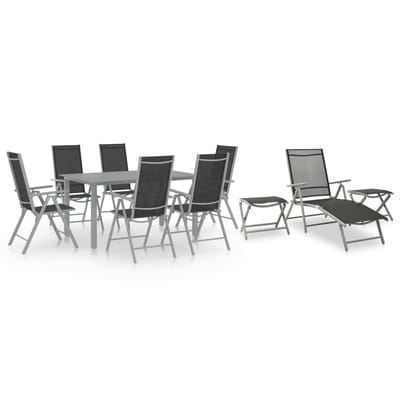 vidaXL - 10-delige - Tuinset - zwart - en - zilverkleurig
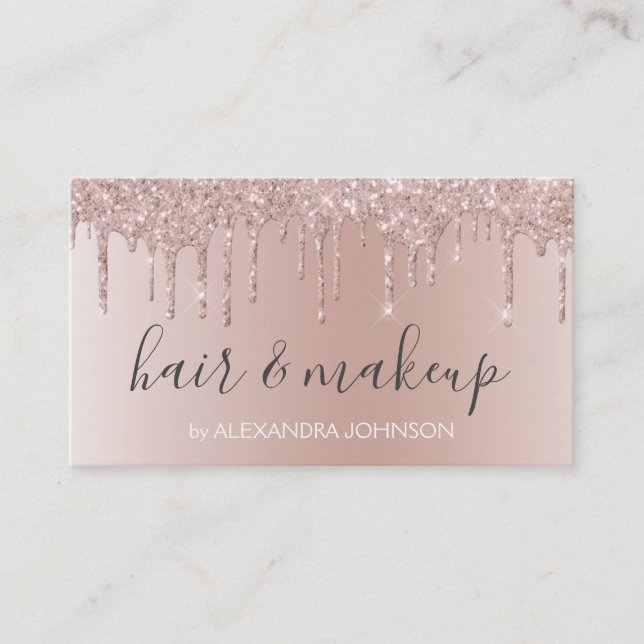 Pink Rose Gold Glitter Sparkle Hair Makeup Business Card (Front)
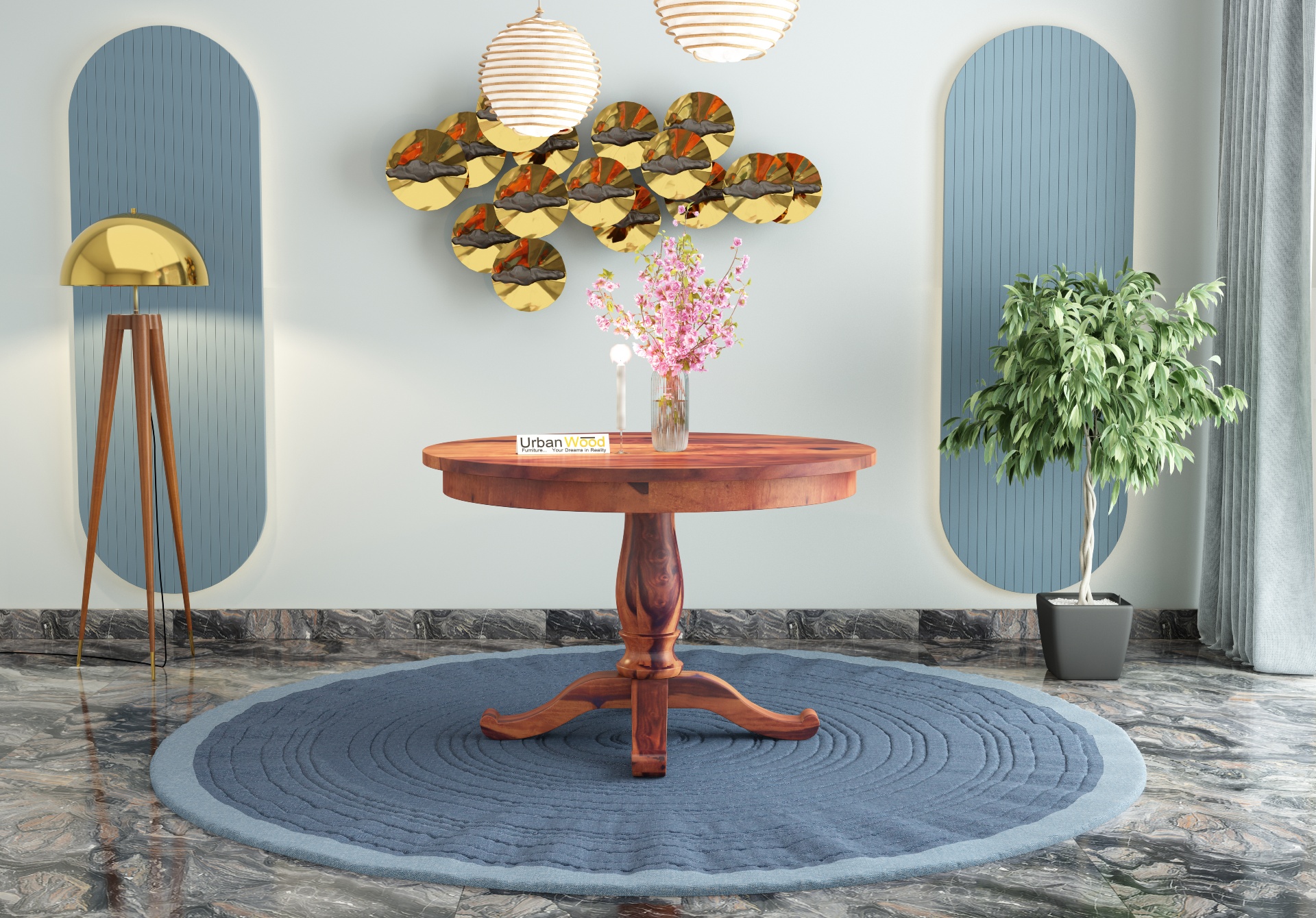 Knit 4-Seater Round Dining Table ( Teak Finish )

════════════════

§ **INSTRUCTIONS FOR THE TASK**
The data needs to be reproduced exactly, please, apart from its pictures.

§ **COMPLETED EXERCISE**
 vidaXL - 10-delige - Tuinset - zwart - en - zilverkleurig
 Pink Rose Gold Glitter Sparkle Hair Makeup Business Card (Front)
 Knit 4-Seater Round Dining Table ( Teak Finish )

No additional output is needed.